Ambitious Wind Energy Project Moves Forward
As expected, the ocean floor 30 miles off the coast of Montauk was chosen as the site of an ambitious 880 MW wind farm that will be the largest in the country.
Though an American company, Deepwater Wind, did the legwork for the project, the developers and owners will be two giant international power companies, Ørsted and Eversource. The new farm will comprise at least 100 wind turbines and is being called Sunrise Wind.
Governor Andrew Cuomo an-nounced the state had selected Sunrise Wind on July 17. “Ørsted and Eversource will support the state’s ambitious renewable energy goals, establish an enduring offshore wind supply chain and provide new jobs for New Yorkers,” he said in a press release.
The project is apparently only the beginning. There are a half-dozen similar projects in various degrees of planning, all of them to be situated in the waters east and northeast of Montauk off the coasts of Rhode Island and Massachusetts.
This news increased concerns over fisheries in the area. Last week East Wind LLC, which was mulling six locations for wind farms off the coast of Suffolk County, abruptly withdrew its plans.
“We attended some of the stakeholder meetings, listened to some of the concerns the fishermen and other users expressed,” said Bill White, a managing director of East Wind.
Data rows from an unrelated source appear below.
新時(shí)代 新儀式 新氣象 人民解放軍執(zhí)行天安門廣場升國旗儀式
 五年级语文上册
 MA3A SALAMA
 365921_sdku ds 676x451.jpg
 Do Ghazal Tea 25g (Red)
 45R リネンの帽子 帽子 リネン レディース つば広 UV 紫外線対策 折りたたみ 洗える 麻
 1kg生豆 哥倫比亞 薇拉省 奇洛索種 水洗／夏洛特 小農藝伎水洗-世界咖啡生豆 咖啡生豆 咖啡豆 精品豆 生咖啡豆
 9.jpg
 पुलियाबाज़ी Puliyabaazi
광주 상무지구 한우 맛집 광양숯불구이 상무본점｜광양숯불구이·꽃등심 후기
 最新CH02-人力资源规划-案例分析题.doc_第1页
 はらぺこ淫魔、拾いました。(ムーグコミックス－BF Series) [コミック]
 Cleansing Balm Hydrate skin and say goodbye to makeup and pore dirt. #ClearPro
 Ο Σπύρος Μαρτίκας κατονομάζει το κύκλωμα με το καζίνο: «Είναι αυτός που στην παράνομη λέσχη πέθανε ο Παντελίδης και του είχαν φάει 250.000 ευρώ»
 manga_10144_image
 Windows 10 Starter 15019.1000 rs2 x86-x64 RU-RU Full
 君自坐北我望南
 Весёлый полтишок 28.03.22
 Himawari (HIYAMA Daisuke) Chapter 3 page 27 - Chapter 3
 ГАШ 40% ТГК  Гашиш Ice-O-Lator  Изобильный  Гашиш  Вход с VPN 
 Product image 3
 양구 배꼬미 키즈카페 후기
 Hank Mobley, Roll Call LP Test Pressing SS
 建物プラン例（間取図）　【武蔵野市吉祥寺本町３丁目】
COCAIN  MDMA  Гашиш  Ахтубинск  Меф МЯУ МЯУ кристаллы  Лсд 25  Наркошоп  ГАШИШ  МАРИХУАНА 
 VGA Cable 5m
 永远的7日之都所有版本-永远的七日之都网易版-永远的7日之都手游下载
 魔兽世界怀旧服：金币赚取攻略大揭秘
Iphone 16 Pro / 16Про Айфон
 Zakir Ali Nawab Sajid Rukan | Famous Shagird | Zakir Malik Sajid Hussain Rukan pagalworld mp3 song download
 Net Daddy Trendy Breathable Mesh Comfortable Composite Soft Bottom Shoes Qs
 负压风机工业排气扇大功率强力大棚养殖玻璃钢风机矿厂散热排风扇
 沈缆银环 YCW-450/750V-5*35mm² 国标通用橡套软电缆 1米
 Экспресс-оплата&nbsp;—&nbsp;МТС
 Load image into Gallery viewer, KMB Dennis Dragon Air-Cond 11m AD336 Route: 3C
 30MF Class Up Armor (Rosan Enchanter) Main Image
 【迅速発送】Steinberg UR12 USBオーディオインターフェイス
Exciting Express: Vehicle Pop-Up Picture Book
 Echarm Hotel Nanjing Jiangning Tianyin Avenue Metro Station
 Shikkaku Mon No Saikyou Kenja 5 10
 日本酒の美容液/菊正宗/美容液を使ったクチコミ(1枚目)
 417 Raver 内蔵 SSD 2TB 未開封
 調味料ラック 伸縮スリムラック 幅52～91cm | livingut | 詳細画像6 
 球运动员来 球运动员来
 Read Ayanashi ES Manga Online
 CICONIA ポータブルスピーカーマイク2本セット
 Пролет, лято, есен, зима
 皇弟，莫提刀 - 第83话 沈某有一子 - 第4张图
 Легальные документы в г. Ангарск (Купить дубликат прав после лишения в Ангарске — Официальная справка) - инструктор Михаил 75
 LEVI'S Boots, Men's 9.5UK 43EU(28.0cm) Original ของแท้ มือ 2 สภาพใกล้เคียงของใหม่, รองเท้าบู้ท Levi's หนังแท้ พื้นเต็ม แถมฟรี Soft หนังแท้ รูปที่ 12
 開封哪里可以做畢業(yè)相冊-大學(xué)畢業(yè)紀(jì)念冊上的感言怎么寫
Instead, his company will look at sites further west, as far away as New Jersey.
Preliminary plans filed with the state show there is little interaction between the Sunrise and South Fork Wind Farm projects.
Deepwater, which has since been bought by Ørsted, apparently began the process that culminated with the Sunrise project in October 2013 when the company entered into an agreement with the federal Bureau of Ocean Energy Management to lease the bottomland proposed for the wind farm. But a nearby site was signed by RES America Development Inc.
There is some conjecture Ørsted and yet another company, Bay State Wind, were working like a consolidated group rather than as separate competing companies.
“Power from the Sunrise Wind Farm will be delivered to the local grid in Brookhaven Town via a dedicated transmission line,” said Meagan Wims, a spokeswoman for Ørsted. “No portion of the transmission line for Sunrise Wind will pass through East Hampton Town.”
Sunrise proposes to invest $10 million for a Workforce Training Center and $11 million for a major port infrastructure development fund. The project could be operational by 2024.
Meanwhile, Vineyard Winds, an 84-turbine wind farm off the coast of Rhode Island, has been derailed; there are concerns the underground cable could harm some fish species.